L’école qui recherche que les apprenants maîtrisent leur environnement et agissent sur ce qui les entoure doit savoir ouvrir à l’interdisciplinarité. En recherchant les liens qui existent entre les choses, on peut mieux les percevoir et les maîtriser. Il est nécessaire que les apprenants du Kasaï sachent relier les choses, les faits, les uns aux autres, à leur cause, et s’appliquent à les comprendre dans leur corrélation. Dans ce monde complexe, les connaissances d’une discipline sont des vues partielles du réel, du tout. Il importerait de savoir articuler les connaissances des parties dans un tout. La connaissance du tout a besoin de celle des parties constitutives et réciproquement. L’analyse a besoin de la synthèse et vice versa. L’analyse va permettre d’extraire de la nature les éléments et les faits qui habilitent à bâtir les théories, et la synthèse permet d’avoir une vision d’ensemble de la question, ainsi l’action est possible. La relation entre l’analytique et la systémique permet de jumeler les connaissances dans un cadre de référence plus large facilitant l’exercice de l’analyse et de la logique442.

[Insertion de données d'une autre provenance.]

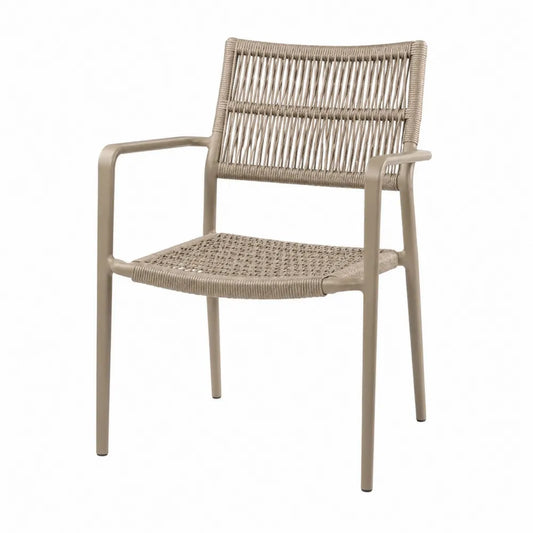 Sedia da esterno in alluminio verniciato e corda intrecciata in PE colore beige 55x60x85 cm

A-t-on besoin de connaissances segmentaires, compartimentées, refermées sur un objet, à seule fin de le manipuler ? Les élèves ne sont-ils là que pour apprendre sans s’occuper du reste ? On n’apprend pas que pour apprendre. Les élèves ne sont pas là pour empiler les savoirs. N’est-il pas vrai qu’on apprend pour agir et comprendre les résultats et les buts de son action ? La transdisciplinarité permet d’organiser les connaissances pour l’efficacité de l’action.

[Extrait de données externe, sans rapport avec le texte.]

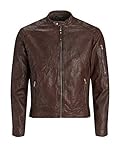  JACK & JONES Herren JPRRICHARD CLEAN Leather Jacket STS Jacke, Braun (Brown Stone), Medium
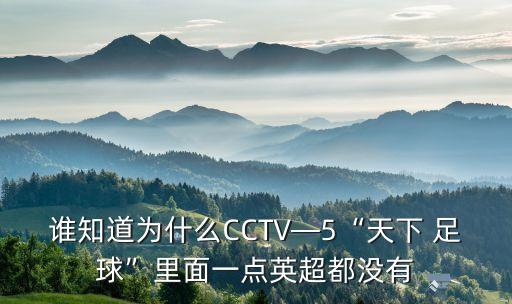 誰(shuí)知道為什么CCTV—5“天下 足球”里面一點(diǎn)英超都沒(méi)有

Relier les connaissances ne signifie pas une transdisciplinarité homogénéisante, mais les situer les unes par rapport aux autres en fonction de leurs altérités historiques, anthropologiques et épistémologiques (sans exclure pour autant leurs possibilités d’altération mutuelle)443. Il importerait d’éviter une juxtaposition arbitraire de différentes disciplines. « ‘Pour qu’il y ait, dans cette perspective, une véritable interdisciplinarité, note Meirieu, il faut que les différentes disciplines impliquées collaborent à un projet commun : ainsi, lorsque le projet d’une classe est de découvrir une région en parcourant un sentier de grande randonnée, sans doute convient-il que le professeur de biologie, celui de géographie et celui de littérature s’associent afin de montrer comment un climat, un relief, la nature d’un sous-sol, le poids de la sociologie rurale déterminent le mode de vie dans un milieu donné. La découverte de la région est alors située véritablement au carrefour des différents apports disciplinaires et l’interdisciplinarité apparaît réellement indispensable et non créée artificiellement. L’école peut alors prétendre former à une ‘approche globale’ des objets et éviter le découpage des savoirs en unités dissociées, sans relation évidente entre elles’ »444. La pédagogie doit savoir trouver des principes organisateurs de connaissances pour faire face au défi de la complexité du réel.

Les professeurs de différentes disciplines peuvent se mettre ensemble pour trouver comment divers savoirs peuvent s’harmoniser dans un projet commun. Les consultations et la collaboration entre différents enseignants sont donc de mise.

Notes
440.

MEIRIEU (PH.) & DEVELAY (M.), Emile, reviens vite... ils sont devenus fous, p. 176.

441.

MORIN (E.), Relier les connaissances. Le défi du XXI è siècle, p. 457.

442.

MORIN (E.), (sous la direction de), Relier les connaissances. Le défi du XXI è siècle, p. 401.

443.

MORIN (E.), (sous la direction de), Relier les connaissances. Le défi du XXI è siècle, p. 450.

444.

MEIRIEU (PH.) & DEVELAY (M.), Emile, reviens vite... ils sont devenus fous, pp. 175-176.